■ TASK BRIEF ■
The records are set out below this line. Return exactly the lines from the one containing "Braunschweigische Anzeigen. Gelehrte" through the last, and exclude the pictures.

(Image-caption web data)

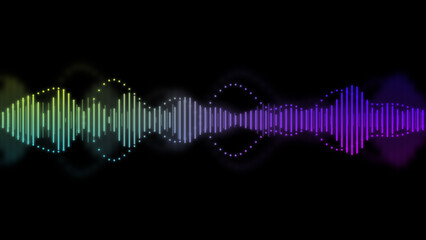 An illustration of neon colored waveform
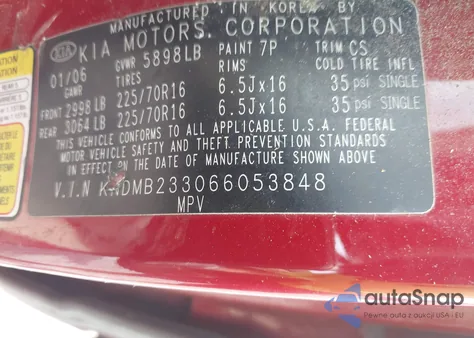 2006 Kia Sedona Ex/Lx from USA, damaged, VIN KNDMB233066053848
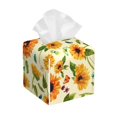 thumbnail image 1 of Lsque Sunflowers And Butterflies Printed Tissue Box Cover Holder, Facial Paper Organizer Dispenser,Square with Bottom Belt, PVC Leather Decorative Organizer, 1 of 8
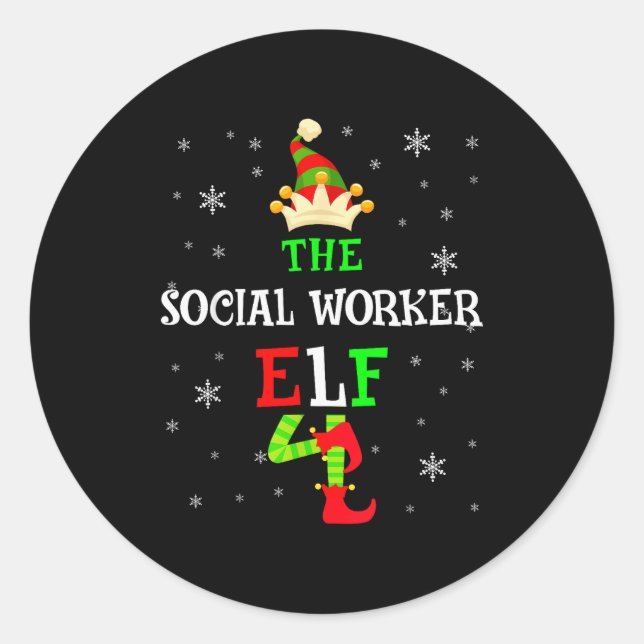 The Social Worker Elf Christmas Elf Matching Famil Classic Round Sticker (Front)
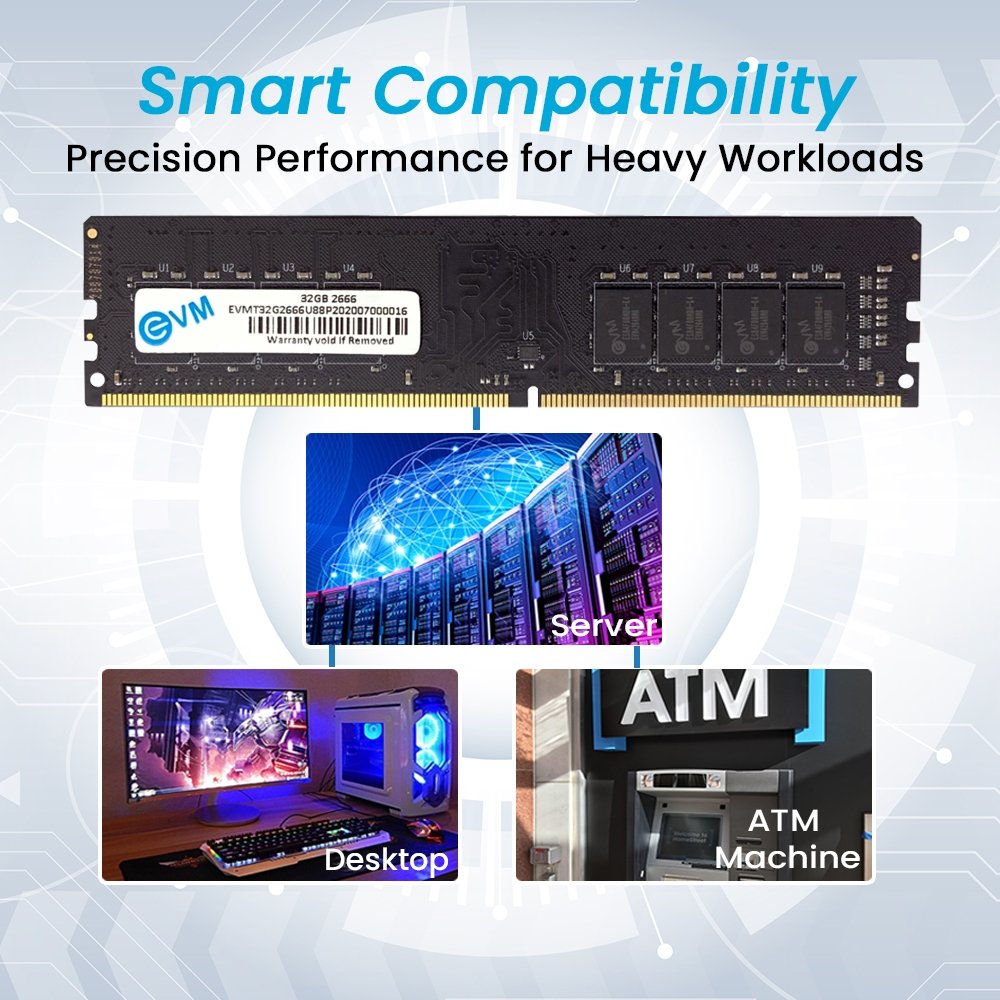 Ram EVM 32GB DDR4 2666MHZ Desktop EVMT32G2666U88P | Update Your Desktop's Performance, CL15 Latency, Compatible with Intel, AMD, and Mac Systems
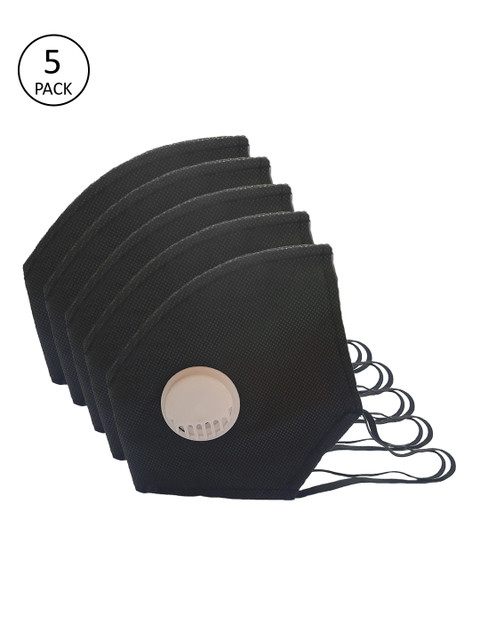 

JAINISH Unisex Black 5 Pcs 2 Ply Outdoor Protective Masks with Valve
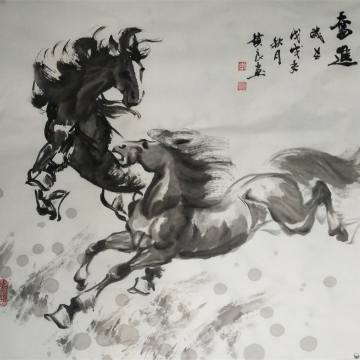 李锁良 国画作品 马 石雀故事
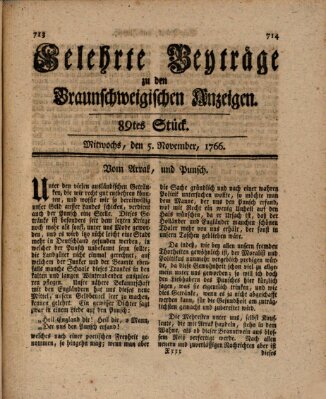 Braunschweigische Anzeigen. Gelehrte Beyträge zu den Braunschweigischen Anzeigen (Braunschweigische Anzeigen) Mittwoch 5. November 1766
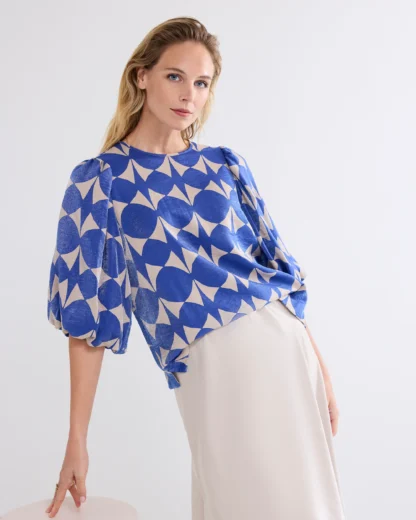 2s3202-12136 Top Print Royal Blue - Afbeelding 4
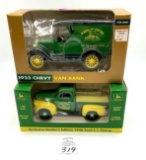 2 - JOHN DEERE 1/25 SCALE DIE CAST BANKS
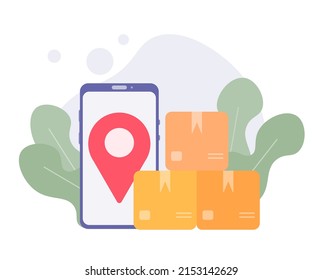 Concepto de teléfono de entrega en línea. Envío de paquetes de entrega en móvil, seguimiento de pedidos en línea con mapa, compras en línea. Ilustración vectorial.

■ TASK RESPONSE ■
 Braunschweigische Anzeigen. Gelehrte Beyträge zu den Braunschweigischen Anzeigen (Braunschweigische Anzeigen) Mittwoch 5. November 1766
 2s3202-12136 Top Print Royal Blue - Afbeelding 4
 2 - JOHN DEERE 1/25 SCALE DIE CAST BANKS
 Concepto de teléfono de entrega en línea. Envío de paquetes de entrega en móvil, seguimiento de pedidos en línea con mapa, compras en línea. Ilustración vectorial.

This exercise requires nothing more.